Today’s record might appear to be in the same vein at first gazoon, but in fact there’s a more troubling theme underpinning it – the threat of global warming. It’s a topic that’s been preying on Mike Cooper’s mind for over 20 years now, and if you want to trace its lineage, you could do worse than start with the 1999 album Kiribati which he self-released on his Hipshot CDR label. It was explicitly dedicated to the people of that nation in the Pacific Island, as he shared their concern with rising sea levels which affected their low-lying homesteads. Since then Cooper has not only travelled extensively around the Pacific, South-East Asia and the Caribbean, he’s released six other records lamenting this ecological disaster-in-waiting, and Playing With Water makes the seventh; his sleeve notes refer to numerous other parts of the world facing flooding and storms, brought about by melting icecaps and changes in the weather, and there are pessimistic track titles such as ‘The Drowned World’ and ‘Wetropolis’ to drive home the message. That last one refers to a vision of the future where we’re all living on islands, in a kind of Kevin Costner Waterworld fantasy come true.
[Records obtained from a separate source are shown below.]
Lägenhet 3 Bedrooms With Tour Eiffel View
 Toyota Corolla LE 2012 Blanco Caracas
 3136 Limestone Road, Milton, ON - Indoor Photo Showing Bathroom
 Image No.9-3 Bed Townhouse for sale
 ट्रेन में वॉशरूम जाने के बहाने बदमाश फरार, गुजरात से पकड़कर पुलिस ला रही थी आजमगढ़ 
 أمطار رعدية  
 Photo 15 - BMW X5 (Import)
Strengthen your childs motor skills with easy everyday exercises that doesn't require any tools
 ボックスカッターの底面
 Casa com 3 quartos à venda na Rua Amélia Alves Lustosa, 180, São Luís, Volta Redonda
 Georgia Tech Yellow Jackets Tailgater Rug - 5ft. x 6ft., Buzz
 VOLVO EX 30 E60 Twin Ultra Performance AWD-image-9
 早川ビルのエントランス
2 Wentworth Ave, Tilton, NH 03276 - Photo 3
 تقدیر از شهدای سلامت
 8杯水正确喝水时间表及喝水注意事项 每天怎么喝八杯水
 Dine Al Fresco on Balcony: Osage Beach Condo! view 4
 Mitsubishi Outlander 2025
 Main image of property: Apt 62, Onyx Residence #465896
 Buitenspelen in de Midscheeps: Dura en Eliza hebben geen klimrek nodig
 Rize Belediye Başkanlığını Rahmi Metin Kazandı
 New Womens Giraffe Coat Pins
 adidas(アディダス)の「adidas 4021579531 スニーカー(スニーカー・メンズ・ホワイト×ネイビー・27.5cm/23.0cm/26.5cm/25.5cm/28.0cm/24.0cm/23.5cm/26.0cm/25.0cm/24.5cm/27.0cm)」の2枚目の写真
We also ought to add that Cooper was directly inspired by the works of the Australian travel writer James Hamilton-Paterson, who wrote a book of this title in 1987. Thus, while it’s possible to enjoy this record as a set of subdued and limpid instrumentals, there’s no escaping the ecological message which informs its somewhat melancholy and rue tone. Cooper’s guitar style is influenced by Hawaiian guitar styles and lap steel playing, but he takes it in such an unexpected direction that these influences are just the starting point. There may also be occasional keyboards added to enhance the delicate mood; there are certainly field recordings, drawn from a number of geographic locales, which Cooper points out are “all places that can look forward to or are already witnessing the Postdiluvian Future”. The field recordings work especially well on ‘Bankocalypse’, producing a sonically rather dense collage that’s more than just music, more than just an audio snapshot, and it evokes a very unhappy picture of the future we are creating for ourselves.

I admire the way Cooper makes his points with any sermonising or political bias, nor is there any need to adopt a shrill tone or froth with hysterical urgency. This is a vinyl release; there was an edition pressed in clear vinyl with a blue aqua swirl. Very good. From 19th October 2020.